Morrow initially used a database manager called Personal Pearl, but after about 9,000 records or so, it “got severe hiccups.” So he moved to Ashton-Tate’s dbase II. But after he reached record 32,678 on that program, it “wrapped around on itself and destroyed records.” (This would be the dBASE equivalent of the Pac-Man level 256 kill screen.) Thankfully, Morrow managed to move the database to an MS-DOS machine and repair his data thanks to Norton Utilities, something he discussed in a previous Chronicles episode.

As for this next Chronicles episode from May 1987, the focus was on the successor to dBASE IIdBASE III–and several of its competitors in the MS-DOS and Macintosh database market. The episode’s cold open featured, appropriately enough, Stewart Cheifet visiting George Morrow at his home. Cheifet posed the question, “What do you do when somebody says to you, ‘What do you have by Hoagy Carmichael from the year 1930?’” Either you needed another room full of 4-by-5 index cards and a week of time, or you used a personal computer with a database manager to get the answer in seconds. (Morrow worked in the background and quickly produced the answer to Cheifet’s question, which was “six.”)

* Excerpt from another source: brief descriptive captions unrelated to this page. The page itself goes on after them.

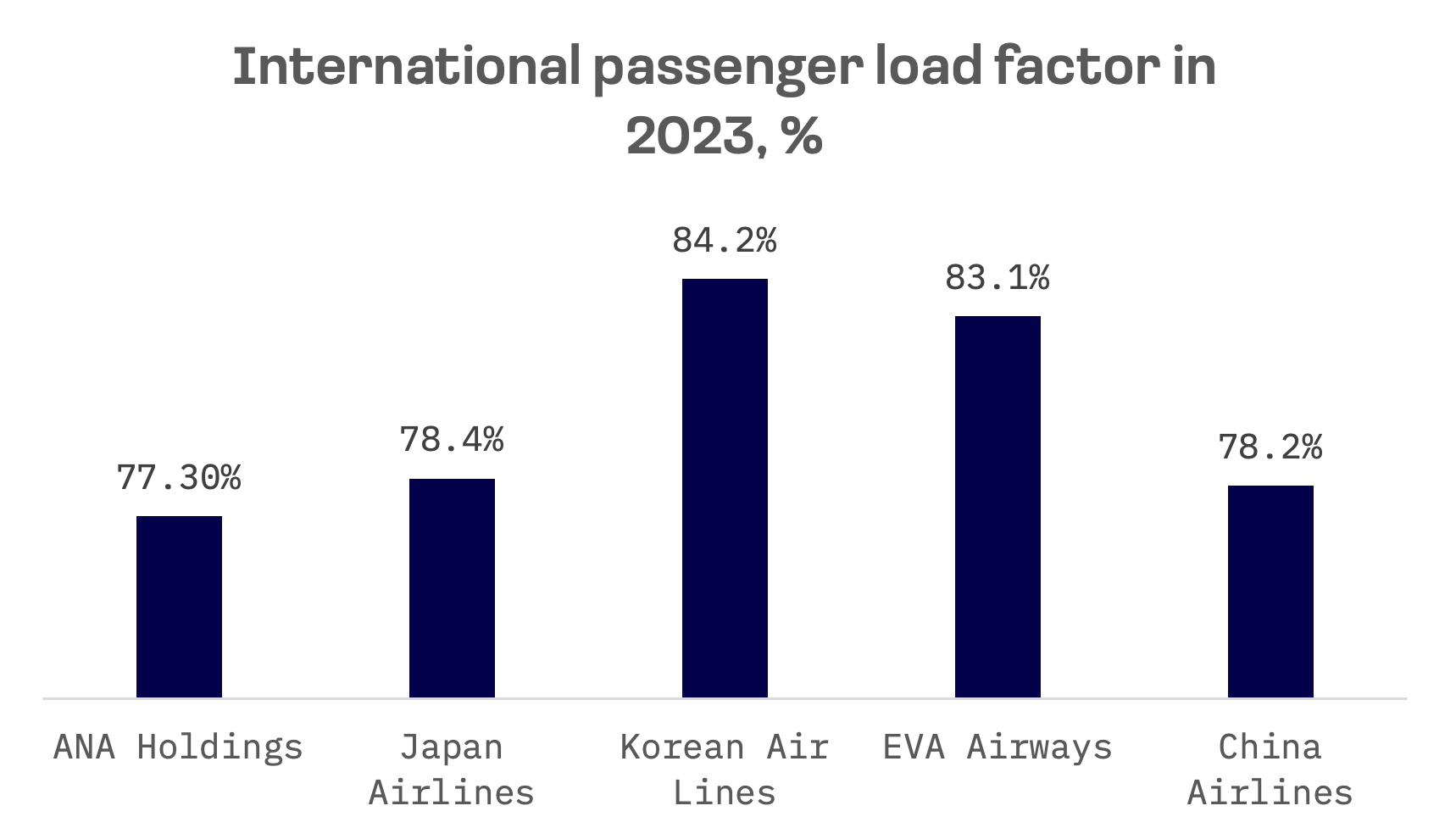 Japan’s Airlines Hit Headwinds as Taiwan and Korea Carriers Climb: image 3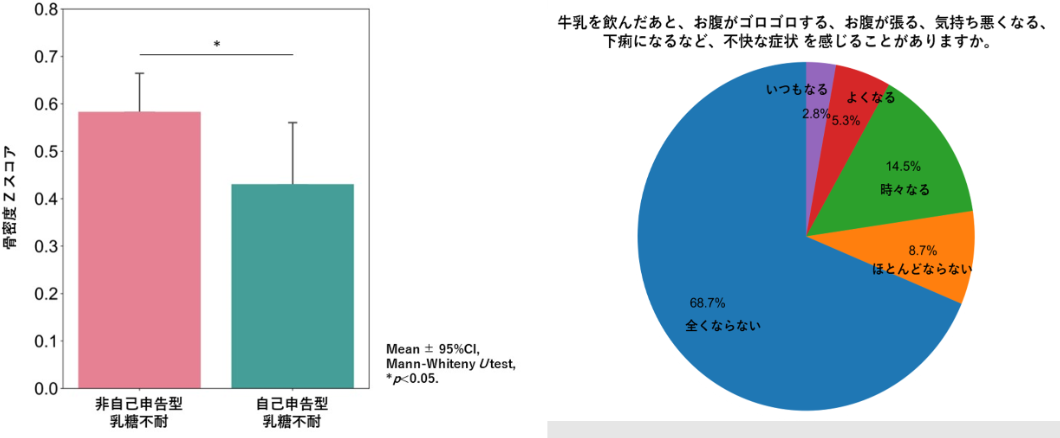 カバー画像:乳糖不耐症状自覚者、カルシウム摂取量や骨密度が低い傾向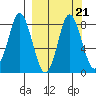 Sutwik Island tide chart for Tuesday, September 21, 2021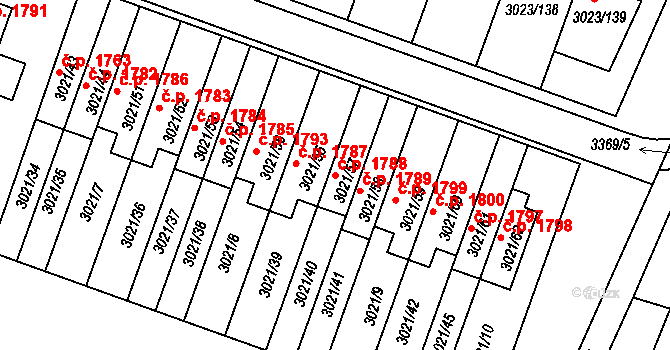 Mikulov 1788 na parcele st. 3021/57 v KÚ Mikulov na Moravě, Katastrální mapa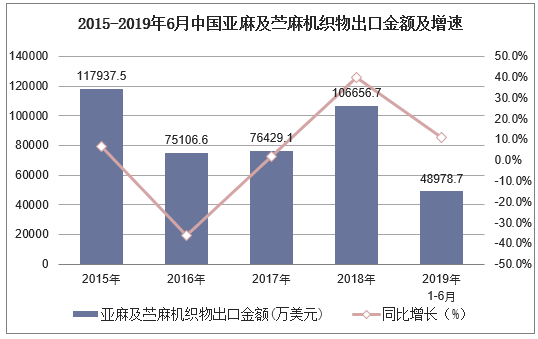 2015-2019年6月中国亚麻及苎麻机织物出口金额及增速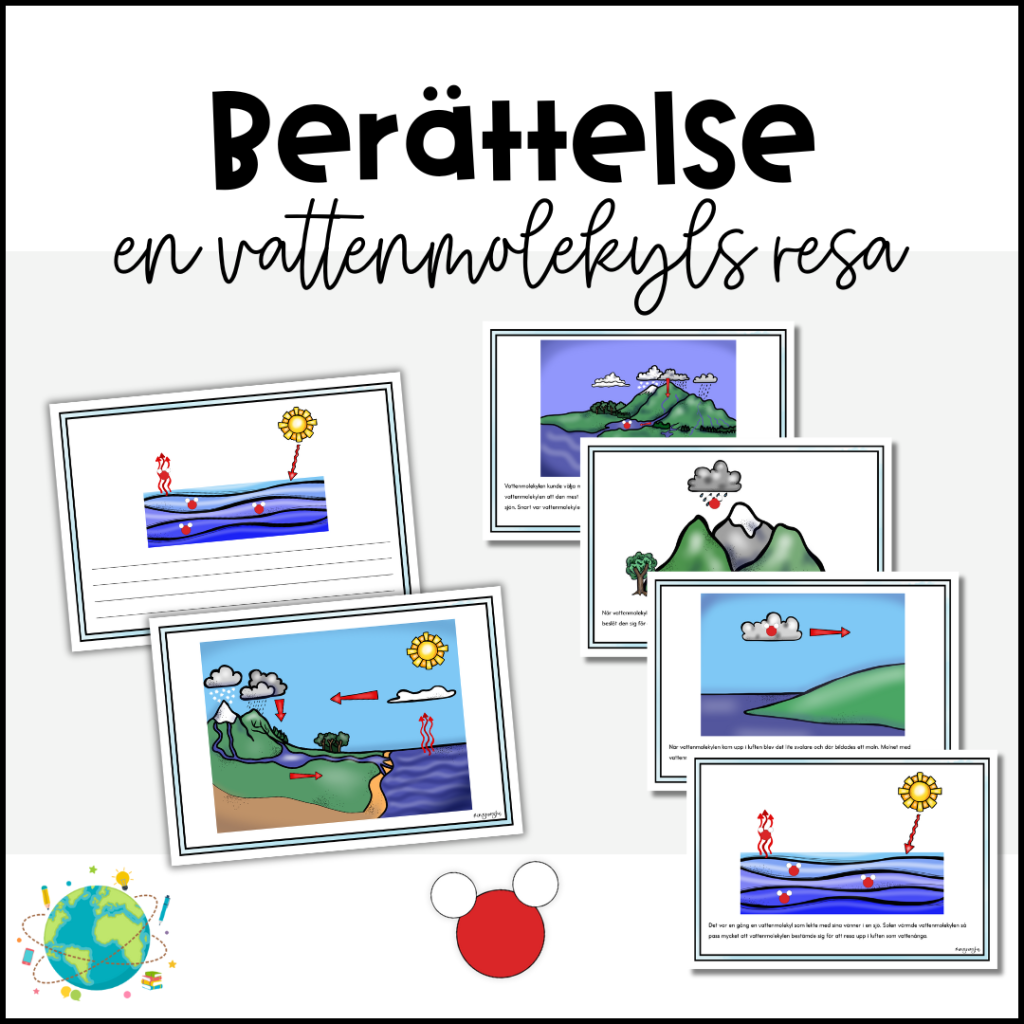 En vattenmolekyls resa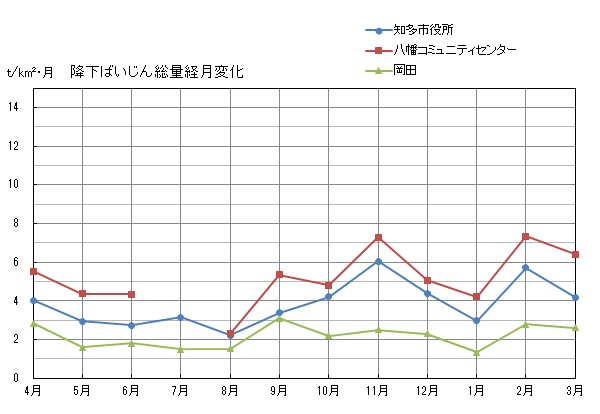 降下ばいじん総量経月変化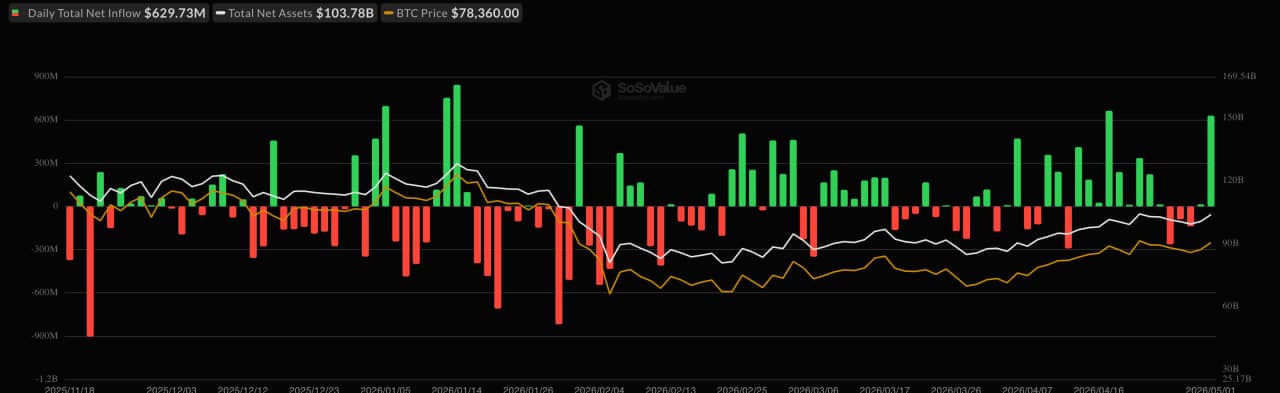 Bitcoin Surges Past $80,000—Why Are Experts Staying Cautiously on the Sidelines?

Back in the studio, Cheifet showed Gary Kildall several “primitive” forms of database management, including a Rolodex, an address book, filing folders, and an accordion-style file box. But these all had disadvantages. They took up a lot of room, were hard to update, and could only be sorted alphabetically. That’s why many people had now moved to computer database management.

Cheifet noted there were two basic versions of database managers: relational and flat-file. He asked Kildall to explain the difference. Kildall said a flat-file manager basically took a sequence of records, such as names or addresses, and sorted them to make something like a mailing list. That was a very simple operation. In contrast, relational databases were based on a more complete mathematical theory. Every piece of information was considered a table. Each line of the table was called an n-tuple. In mathematics, that was called a relation and hence the name relational system. For example, a Rolodex could be considered a table. You might then have another table listing geographic sales areas. With a relational database, you could extract the names from the Rolodex and put it together with the sales area table to get a new table. You could then keep adding tables to develop a more comprehensive mailing list.

Accounting Firms Turned to Macintosh Database Solution

Wendy Woods presented her first remote segment, which focused on the use of Macintosh-based database management software at the San Francisco office of accounting firm Peat Marwick. Woods said that behind every successful office-bound PC was a software program that either sped up or replaced tasks formerly done by hand. Peat Marwick found a way to do both and create a new communications link at the same time. The firm’s graphic arts department replaced billing sheets with an all-Macintosh network, combining Odesta Corporation’s multi-user Helix database with MacDraw and a LaserWriter printer to order, bill, and create graphic presentations in as little as 24 hours.

The Helix database, running over an AppleTalk network, operated like an electronic assembly line, with the additional feature of moving in any direction or speed required. As work orders were received, Woods explained, they were entered into the database by client account, date of entry, and subject description. The client’s rough sketch was digitally reproduced and stored on disk for later printing. The file moved through different stages, accumulating charges automatically according to the time spent on each task. The network permitted each authorized user to verify the completion of each step before the final printout.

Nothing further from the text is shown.